Note that in Ruby naming convention of local variables and method
names is not CamelCase but snake_case.

Paul, what you should take away from this discussion (I’ll try to
summarize what other’s have said already):

• All variables hold references to objects.*
• Assignment copies an object reference and stores it in a variable.
• String literals are really object constructors, i.e. they create a
  new object whenever evaluated. (Don’t worry, behind the scenes this is
  made efficient.)
• There are immutable classes (most numeric classes, nil,
  TrueClass…) and mutable classes (all others including String).
• Arithmetic operators return a reference to a new instance in order
  to make math work properly (a + b + a would return wrong results if
  the first + changed state of a and returned a reference to the mutated
  a).

• Note that this is not completely true in terms of the
  implementation of MRI but it is true from the perspective of the
  language user.

Kind regards

robert

Wow, everbody has been so kind and helpful to a newbie. I shall save
all this stuff off. Meantime, thank you all and Merry Christmas!

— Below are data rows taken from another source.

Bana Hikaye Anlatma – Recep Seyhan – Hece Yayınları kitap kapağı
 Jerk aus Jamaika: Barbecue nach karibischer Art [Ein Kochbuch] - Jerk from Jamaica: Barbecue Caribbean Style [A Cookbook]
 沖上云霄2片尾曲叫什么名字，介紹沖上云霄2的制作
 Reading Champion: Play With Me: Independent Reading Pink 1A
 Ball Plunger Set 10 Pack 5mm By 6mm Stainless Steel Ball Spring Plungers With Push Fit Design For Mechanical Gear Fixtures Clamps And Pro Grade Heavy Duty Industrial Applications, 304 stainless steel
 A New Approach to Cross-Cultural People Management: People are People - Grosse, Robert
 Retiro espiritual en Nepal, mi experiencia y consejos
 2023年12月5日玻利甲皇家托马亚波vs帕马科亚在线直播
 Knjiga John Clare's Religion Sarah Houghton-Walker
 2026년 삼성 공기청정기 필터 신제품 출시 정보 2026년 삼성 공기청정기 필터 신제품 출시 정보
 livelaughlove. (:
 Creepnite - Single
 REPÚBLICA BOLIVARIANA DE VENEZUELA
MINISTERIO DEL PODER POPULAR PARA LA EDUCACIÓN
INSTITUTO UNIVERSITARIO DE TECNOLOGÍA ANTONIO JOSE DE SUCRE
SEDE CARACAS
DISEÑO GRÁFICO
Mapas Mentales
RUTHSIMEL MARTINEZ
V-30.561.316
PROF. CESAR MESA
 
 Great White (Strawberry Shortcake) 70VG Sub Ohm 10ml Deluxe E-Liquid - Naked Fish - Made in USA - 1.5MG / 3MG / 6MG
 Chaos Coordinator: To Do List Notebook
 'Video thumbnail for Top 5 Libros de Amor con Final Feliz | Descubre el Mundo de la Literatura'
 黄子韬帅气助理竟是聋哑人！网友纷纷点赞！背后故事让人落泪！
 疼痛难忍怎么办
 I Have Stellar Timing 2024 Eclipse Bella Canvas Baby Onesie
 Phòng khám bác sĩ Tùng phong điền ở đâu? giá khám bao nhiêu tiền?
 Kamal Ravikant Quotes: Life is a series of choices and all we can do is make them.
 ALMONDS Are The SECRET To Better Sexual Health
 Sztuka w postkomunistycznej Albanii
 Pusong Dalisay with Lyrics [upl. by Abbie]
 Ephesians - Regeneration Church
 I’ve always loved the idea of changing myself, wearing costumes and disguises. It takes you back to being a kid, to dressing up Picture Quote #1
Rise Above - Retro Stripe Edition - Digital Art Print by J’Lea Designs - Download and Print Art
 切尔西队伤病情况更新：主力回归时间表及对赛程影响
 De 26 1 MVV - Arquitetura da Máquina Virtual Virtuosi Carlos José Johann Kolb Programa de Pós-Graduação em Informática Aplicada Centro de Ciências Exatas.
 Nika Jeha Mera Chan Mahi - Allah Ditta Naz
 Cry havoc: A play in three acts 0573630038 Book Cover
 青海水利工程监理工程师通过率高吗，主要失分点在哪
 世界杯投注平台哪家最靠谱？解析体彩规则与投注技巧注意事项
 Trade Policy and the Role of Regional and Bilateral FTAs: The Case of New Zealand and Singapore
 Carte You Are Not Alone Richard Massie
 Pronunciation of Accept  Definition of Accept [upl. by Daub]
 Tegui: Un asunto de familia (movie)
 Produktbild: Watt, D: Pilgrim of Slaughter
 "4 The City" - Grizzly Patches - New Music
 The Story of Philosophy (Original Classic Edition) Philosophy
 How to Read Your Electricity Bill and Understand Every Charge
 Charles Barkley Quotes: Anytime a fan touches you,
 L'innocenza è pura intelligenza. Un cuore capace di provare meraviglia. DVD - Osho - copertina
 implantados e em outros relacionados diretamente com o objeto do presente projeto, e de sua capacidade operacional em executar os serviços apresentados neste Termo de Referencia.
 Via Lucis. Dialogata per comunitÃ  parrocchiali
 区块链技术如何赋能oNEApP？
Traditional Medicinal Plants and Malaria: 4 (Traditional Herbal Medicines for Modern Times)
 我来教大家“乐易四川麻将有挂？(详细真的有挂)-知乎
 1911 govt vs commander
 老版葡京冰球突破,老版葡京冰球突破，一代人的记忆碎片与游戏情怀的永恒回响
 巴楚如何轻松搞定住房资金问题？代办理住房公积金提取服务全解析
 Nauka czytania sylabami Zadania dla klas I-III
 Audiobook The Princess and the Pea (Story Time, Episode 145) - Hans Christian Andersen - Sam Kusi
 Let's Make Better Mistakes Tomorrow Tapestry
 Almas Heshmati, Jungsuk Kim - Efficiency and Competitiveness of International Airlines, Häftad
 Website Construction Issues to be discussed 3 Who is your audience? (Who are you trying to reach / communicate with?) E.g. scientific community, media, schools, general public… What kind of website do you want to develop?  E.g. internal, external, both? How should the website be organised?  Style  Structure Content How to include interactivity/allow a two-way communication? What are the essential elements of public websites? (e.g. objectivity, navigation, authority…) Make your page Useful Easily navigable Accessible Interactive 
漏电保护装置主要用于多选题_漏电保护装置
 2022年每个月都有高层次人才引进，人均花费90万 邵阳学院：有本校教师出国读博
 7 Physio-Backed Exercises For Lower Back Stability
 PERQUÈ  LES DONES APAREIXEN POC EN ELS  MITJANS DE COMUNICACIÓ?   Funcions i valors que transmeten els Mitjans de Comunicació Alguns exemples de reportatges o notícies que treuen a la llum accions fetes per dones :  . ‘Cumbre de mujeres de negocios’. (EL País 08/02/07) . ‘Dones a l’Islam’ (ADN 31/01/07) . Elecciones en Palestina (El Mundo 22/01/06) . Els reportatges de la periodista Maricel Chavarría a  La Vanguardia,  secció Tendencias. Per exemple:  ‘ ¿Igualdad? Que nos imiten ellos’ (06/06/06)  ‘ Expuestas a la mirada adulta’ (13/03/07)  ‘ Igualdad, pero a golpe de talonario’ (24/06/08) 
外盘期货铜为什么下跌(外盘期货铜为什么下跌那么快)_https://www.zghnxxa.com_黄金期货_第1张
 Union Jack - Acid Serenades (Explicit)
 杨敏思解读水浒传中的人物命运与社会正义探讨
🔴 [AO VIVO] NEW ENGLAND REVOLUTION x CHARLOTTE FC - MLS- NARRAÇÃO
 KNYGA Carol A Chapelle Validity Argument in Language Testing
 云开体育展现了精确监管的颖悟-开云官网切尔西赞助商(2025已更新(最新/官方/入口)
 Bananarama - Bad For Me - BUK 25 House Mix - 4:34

Robert K. wrote in post #1090092:

• All variables hold references to objects.*

And this is a huge breath of fresh air compared to, say, Perl, where
arrays and arrayrefs are two different types of value, similarly hashes
and hashrefs, and a whole bunch of other special cases.

In ruby, all values are references to objects. Even integers.

a = -3
=> -3

a.to_s
=> “-3”

a.abs
=> 3

So consistently:

• everything is pass-by-value
• every value is a reference to an object

But as you have discovered, many objects are mutable, including strings.